Le Fonds monétaire international vient d’invalider la stratégie gouvernementale de traitement des créances douteuses des banques. L’institution accorde par ailleurs plus de temps aux autorités camerounaises pour la réalisation de l’audit sur les arriérés de paiement dus au secteur privé.
Une phrase retient l’attention dans le communiqué qui sanctionne la dernière mission du Fonds monétaire international (FMI) au Cameroun : «tous les repères structurels jusqu’à fin octobre ont été mis en œuvre, à l’exception de deux repères qui ont été modifiés et reprogrammés». Selon un membre de la délégation du FMI qui a séjourné à Yaoundé entre le 24 octobre et le 3 novembre 2017, les deux repères non mis en œuvre sont l’audit des restes à payer dus au secteur privé pour les exercices budgétaires antérieurs à 2017 et l’adoption d’une stratégie pour apurer le portefeuille des créances en souffrance au niveau des banques commerciales. Ces deux mesures doivent désormais être réalisées au courant de la première moitié de 2018. Elles seront évaluées lors de la deuxième revue du programme d’ajustement appuyé par le Fonds.
Crédibilité
Selon le mémorandum de politiques économiques et financières (MPE, 2017-2019), joint à la lettre d’intention du gouvernement camerounais adressée au FMI, l’audit des arriérés devrait initialement être réalisé et le rapport envoyé à l’institution de Bretton Woods au plus tard en septembre 2017.
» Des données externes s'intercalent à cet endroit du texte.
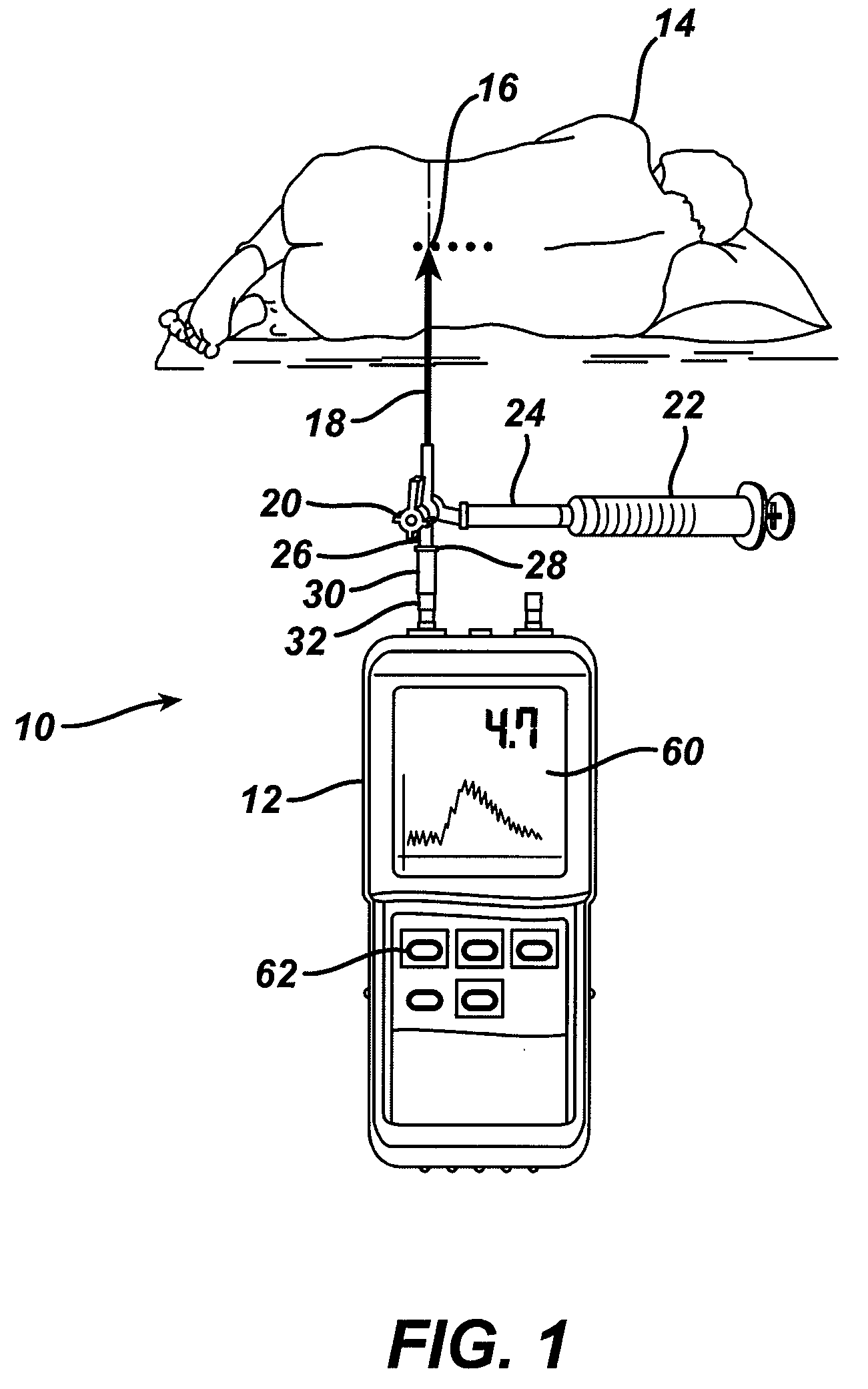 System and Method for Measuring the Pressure of a Fluid System Within a Patient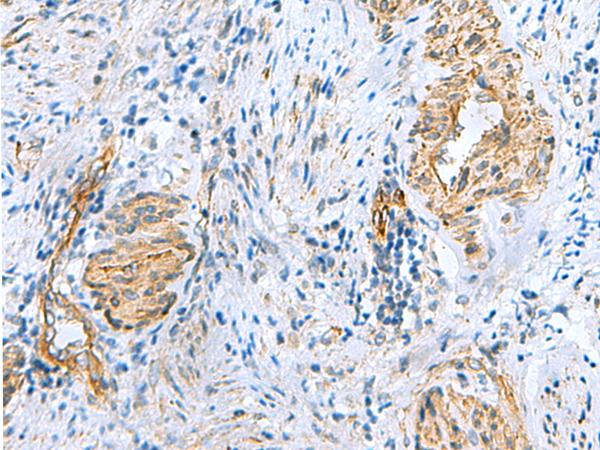 NMU / Neuromedin U Antibody - Immunohistochemistry of paraffin-embedded Human cervical cancer tissue  using NMU Polyclonal Antibody at dilution of 1:60(×200)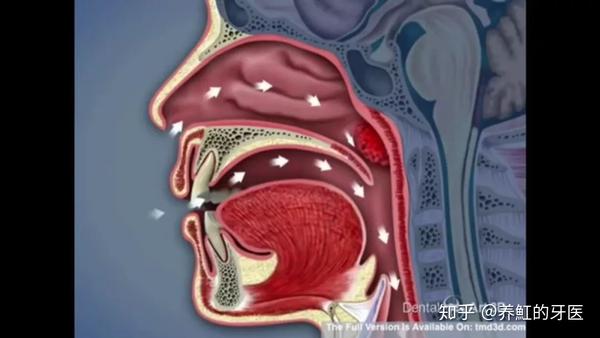 认识口呼吸造成的腺样体面容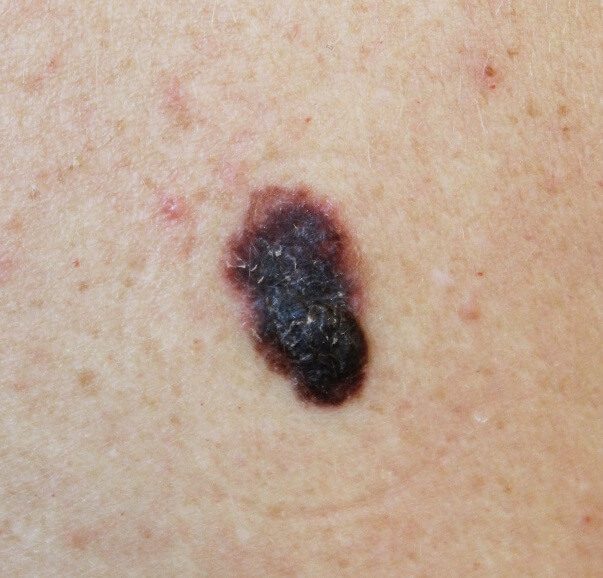 A close up of the skin with melanoma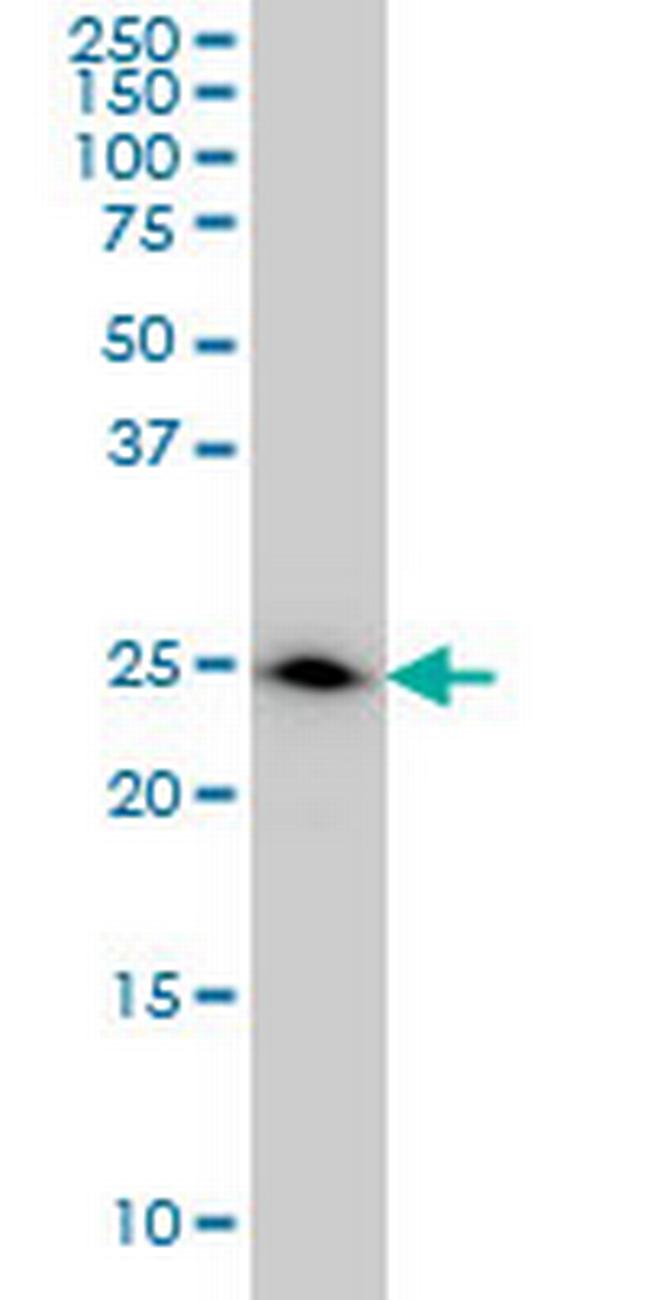 DCXR Antibody in Western Blot (WB)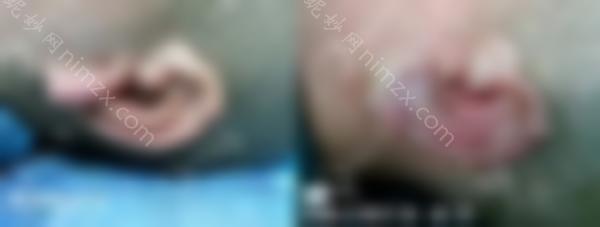 去西安国际再造耳面诊找郭树忠怎么样？你需要做多少期？看看郭树忠耳朵的效果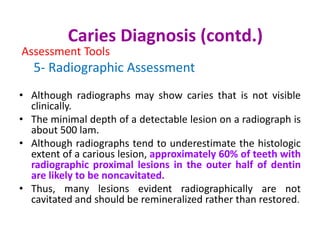 Dental Caries | PPTX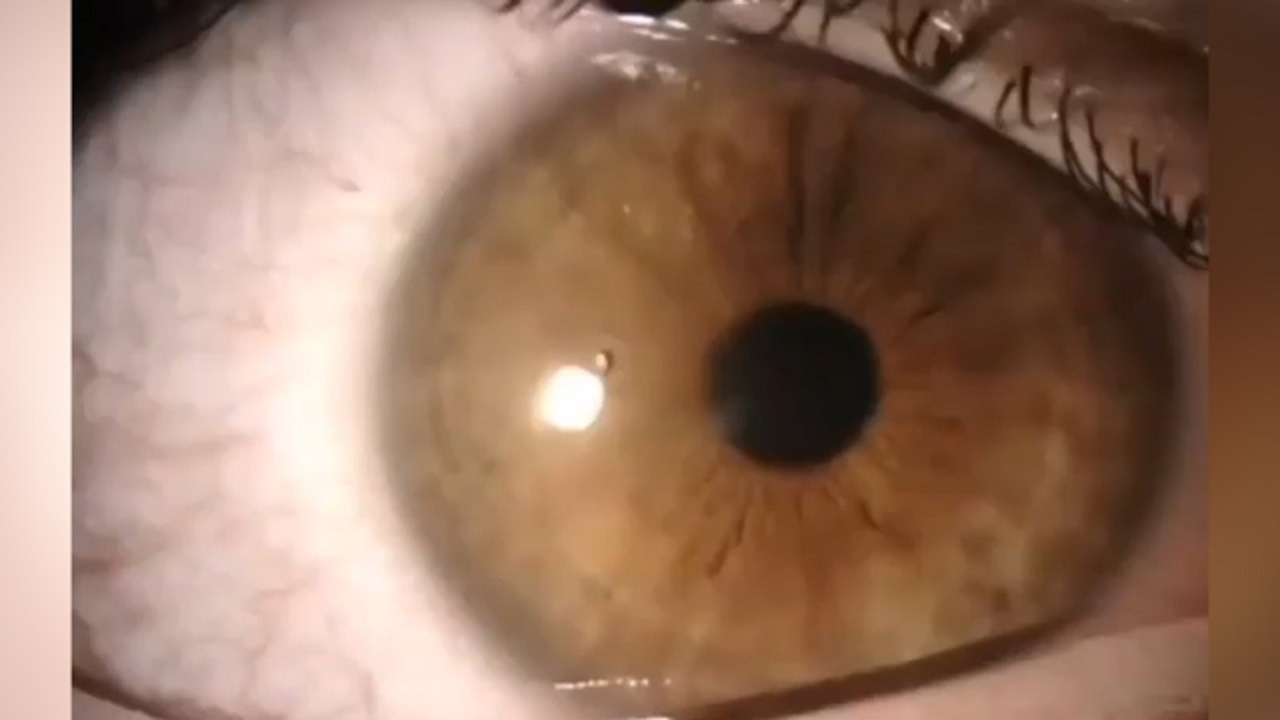 نحوه خارج کردن سنگ ریزه از چشم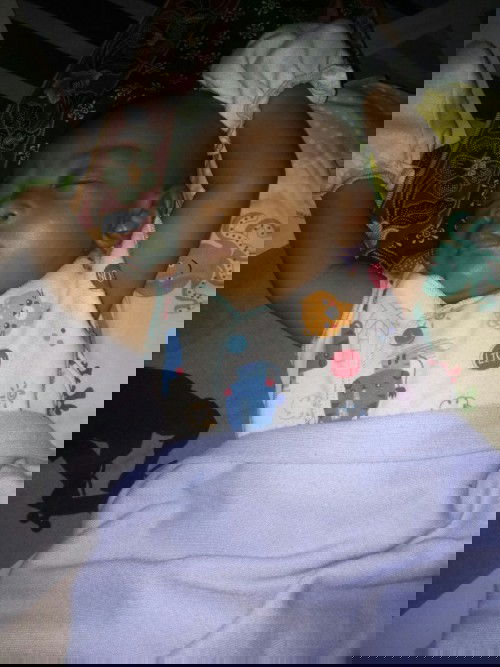 Bayi kuning sudah 1 bulan 2 minggu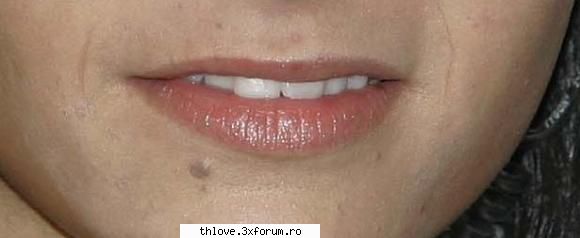 Bill Kaulitz Lip Injection - cele care urmeaza sunt poze din anii - TOKIO HOTEL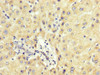 IHC image of CSB-PA622995LA01HU diluted at 1:200 and staining in paraffin-embedded human liver tissue performed on a Leica BondTM system. After dewaxing and hydration, antigen retrieval was mediated by high pressure in a citrate buffer (pH 6.0) . Section was blocked with 10% normal goat serum 30min at RT. Then primary antibody (1% BSA) was incubated at 4°C overnight. The primary is detected by a biotinylated secondary antibody and visualized using an HRP conjugated SP system.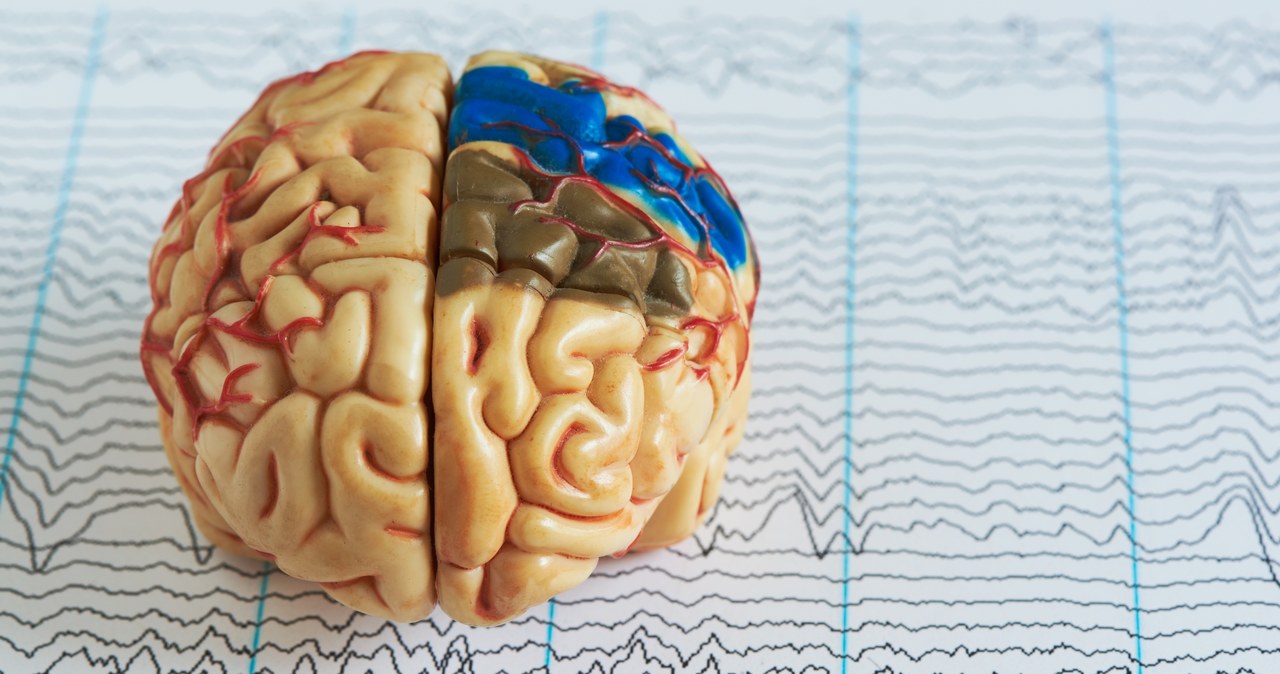 Nieprawidłowy wynik badania EEG może świadczyć o rozwijającym się guzie mózgu lub urazie /123RF/PICSEL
Mais entretemps, indique-t-on au FMI, «le gouvernement nous a approché pour nous expliquer que si lui-même réalise l’audit, il pourrait y avoir des problèmes de crédibilité. Il serait mieux que cela soit fait par un cabinet indépendant de sorte qu’il ne soit pas accusé d’avoir fait du favoritisme ou reçu un pot – de – vin pour valider la créance d’un tel». Bonne intention à priori. «Sauf que cette approche prend plus de temps parce qu’il faut faire des appels d’offre et ce n’était plus possible de le faire en septembre. Nous avons pensés qu’en reprofilant ce repère dans le temps et en faisant un audit externe, ce serait beaucoup plus crédible», ajoute notre source.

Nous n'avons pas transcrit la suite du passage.